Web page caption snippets
------------------------------------------------------------------------

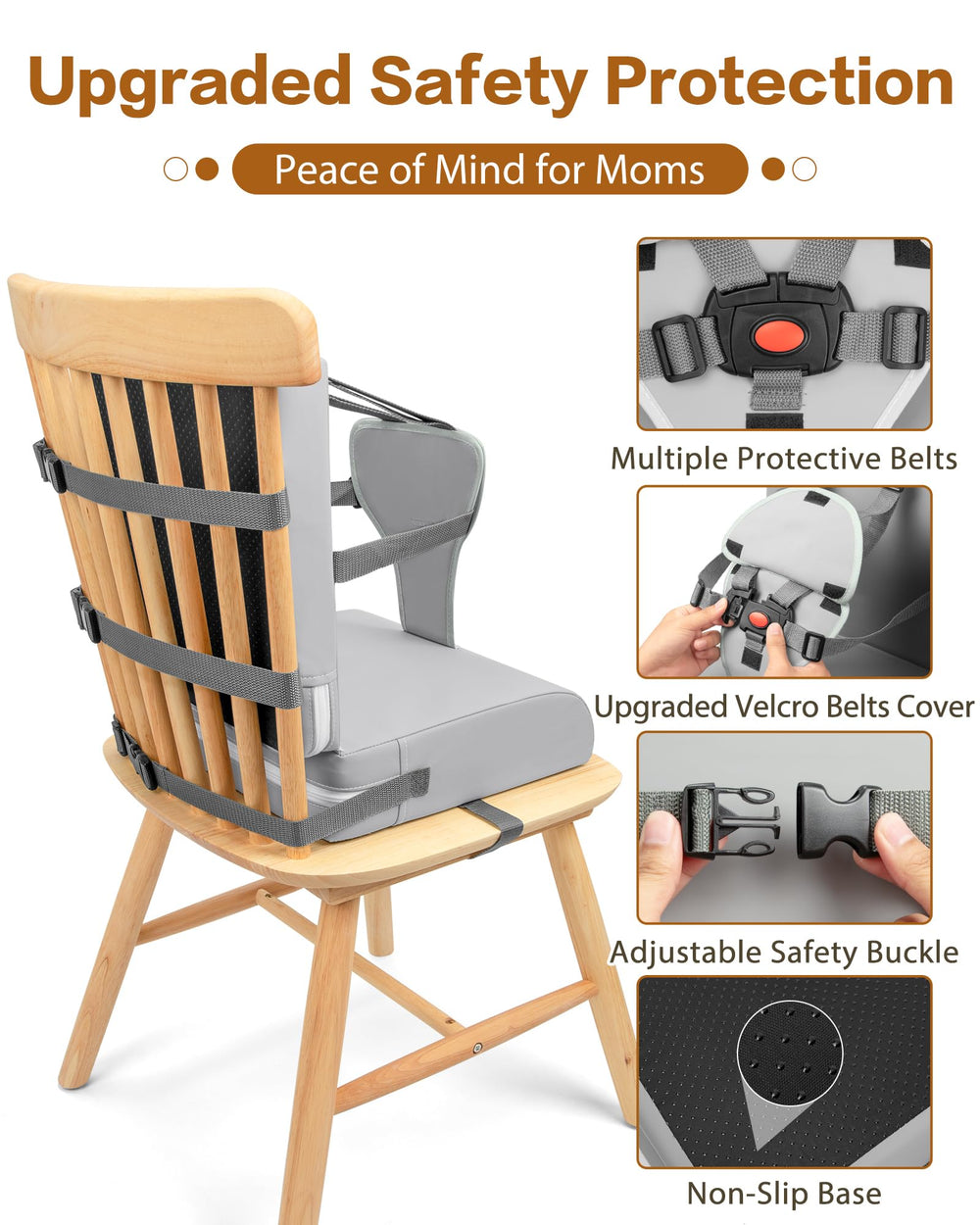 YCDTMY Toddler Booster Seat side view highlights secure strap system for chair compatibility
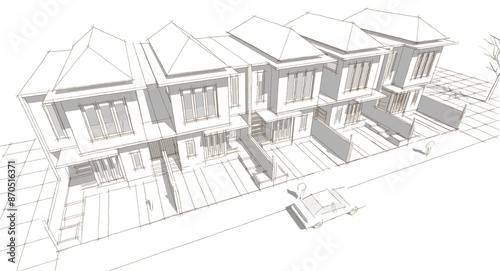 Fototapeta Naklejka Na Ścianę i Meble -   modern townhouse sketch 3d rendering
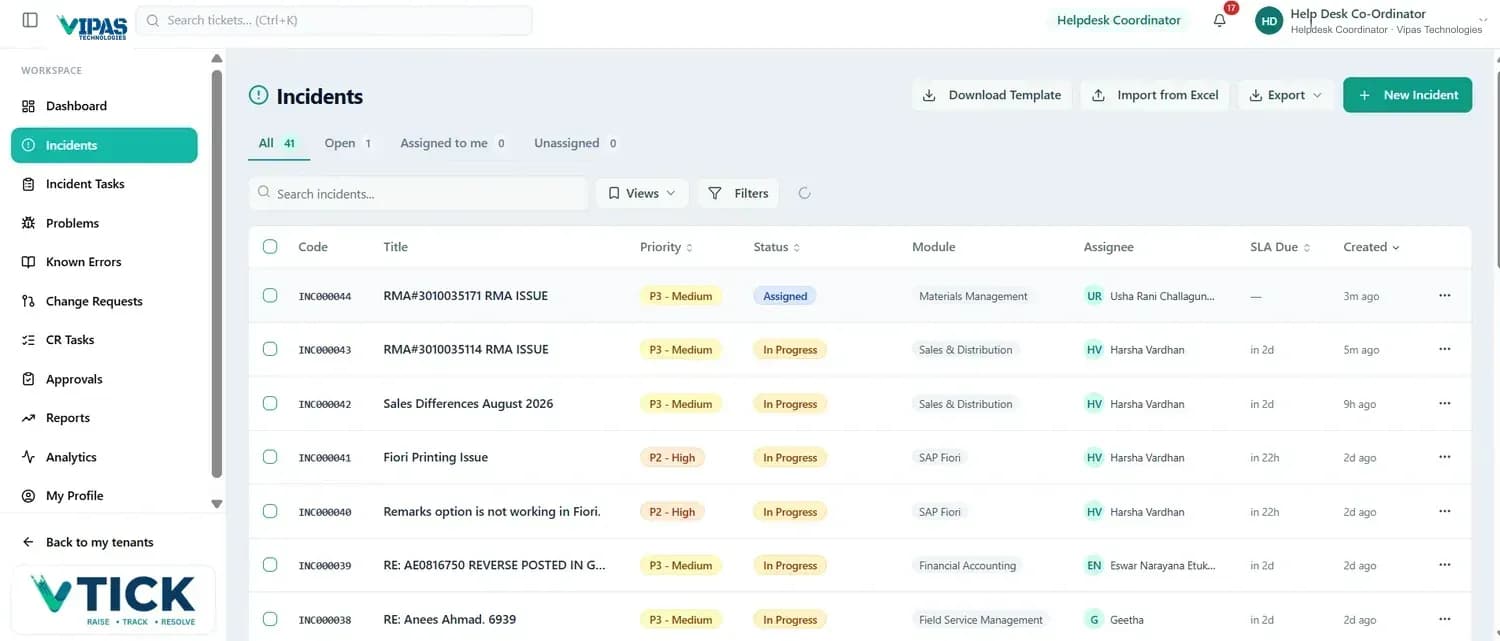 The Vtick Incidents list with All, Open, Assigned to me and Unassigned tabs, a New Incident button, Download Template and Import from Excel, Export, Views and Filters.
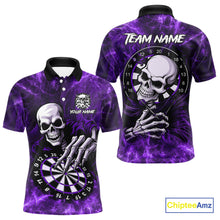 Load image into Gallery viewer, Personalized Purple Funny Skeleton Darts Shirt For Men Custom Skull Darts League Team Jersey TDM4398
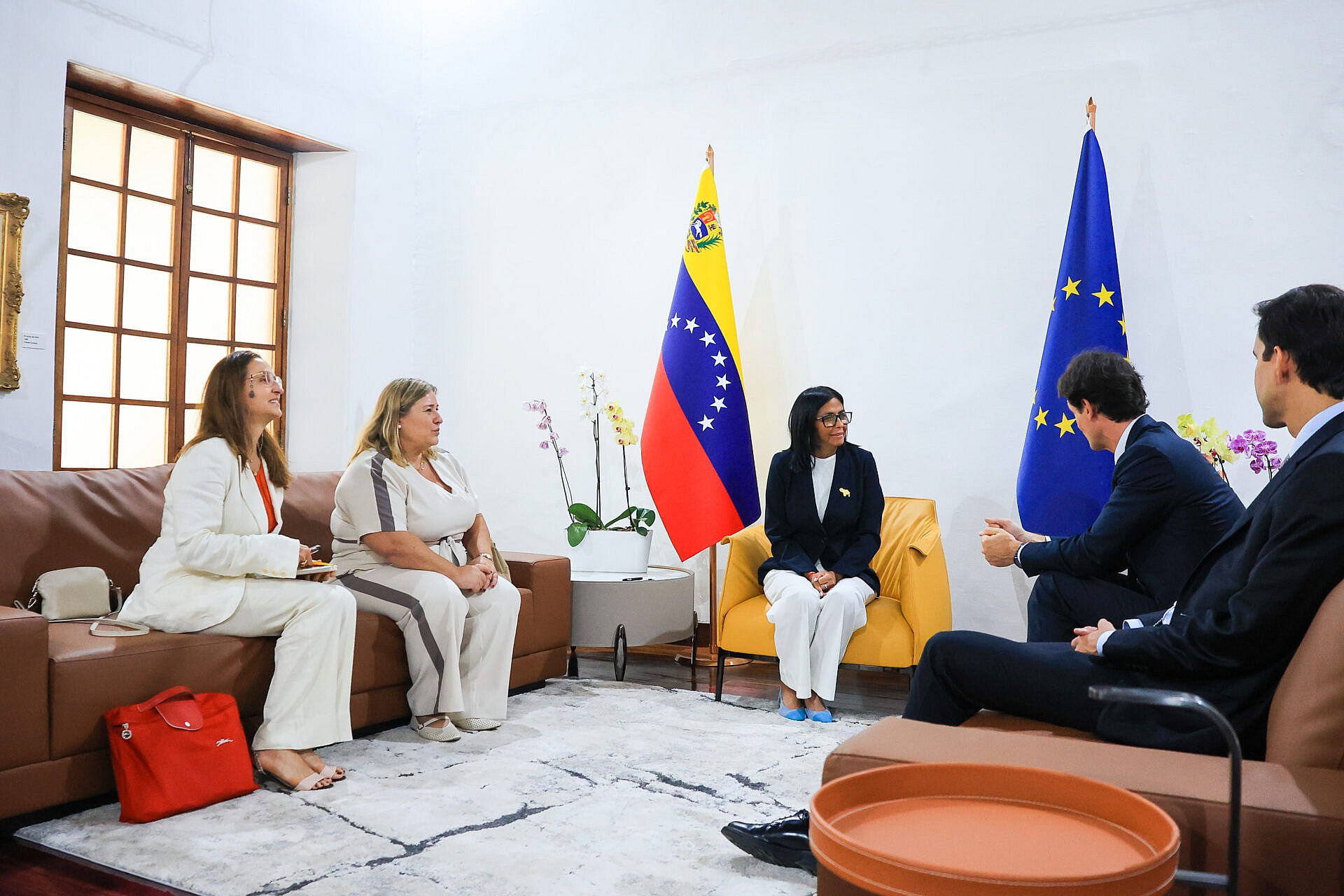 Presidenta (E) Delcy Rodríguez recibe a delegación de la UE y Servicio Europeo de Acción Exterior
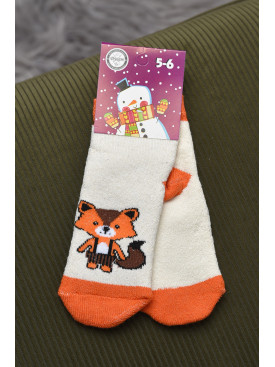 Носки детские махровые молочного цвета с рисунком 168525C Носки детские махровые молочного цвета с рисунком 168525C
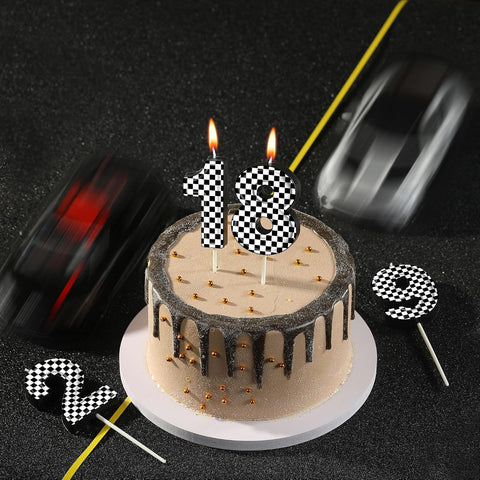 PHD CAKE 2.76 Inch Number 4 Racing Birthday Candles, Cool Racing Themed Number Candles, Cake Number Candles, Party Celebration, Style Candle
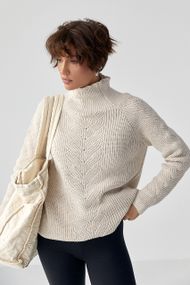 В'язаний жіночий светр із косичками - бежевий цвет, ONE SIZE (є розміри)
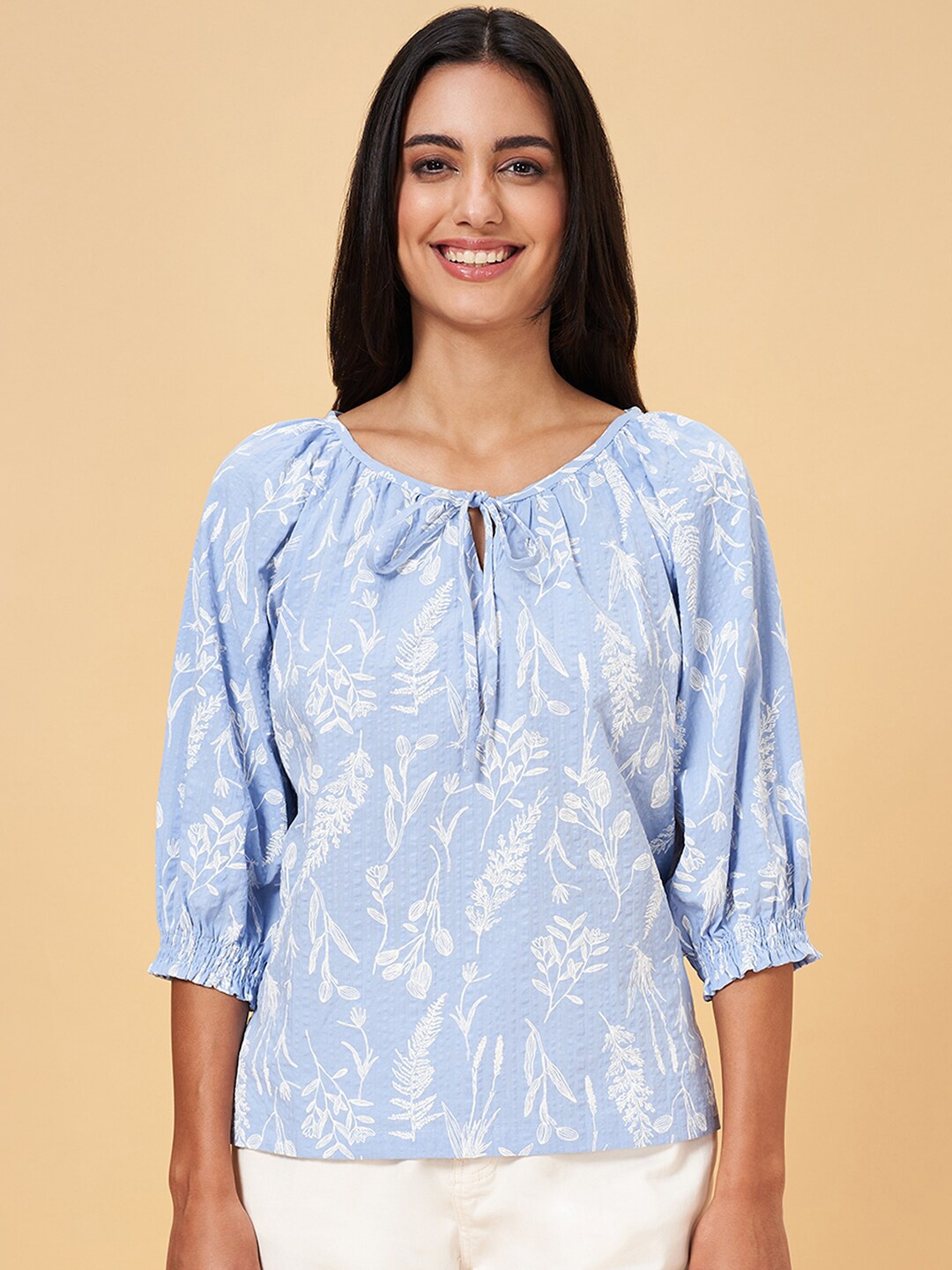 

Honey by Pantaloons Floral Print Tie-Up Neck Cotton Top, Blue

------------------------------------------------------------------------

Omit the pictures and retype exactly the lines from the one containing "Носки детские махровые молочного цвета с рисунком 168525C Носки" through the end of the entries above.

→ OUTPUT OF THE EXERCISE
 Носки детские махровые молочного цвета с рисунком 168525C Носки детские махровые молочного цвета с рисунком 168525C
 PHD CAKE 2.76 Inch Number 4 Racing Birthday Candles, Cool Racing Themed Number Candles, Cake Number Candles, Party Celebration, Style Candle
 В'язаний жіночий светр із косичками - бежевий цвет, ONE SIZE (є розміри)

Honey by Pantaloons Floral Print Tie-Up Neck Cotton Top, Blue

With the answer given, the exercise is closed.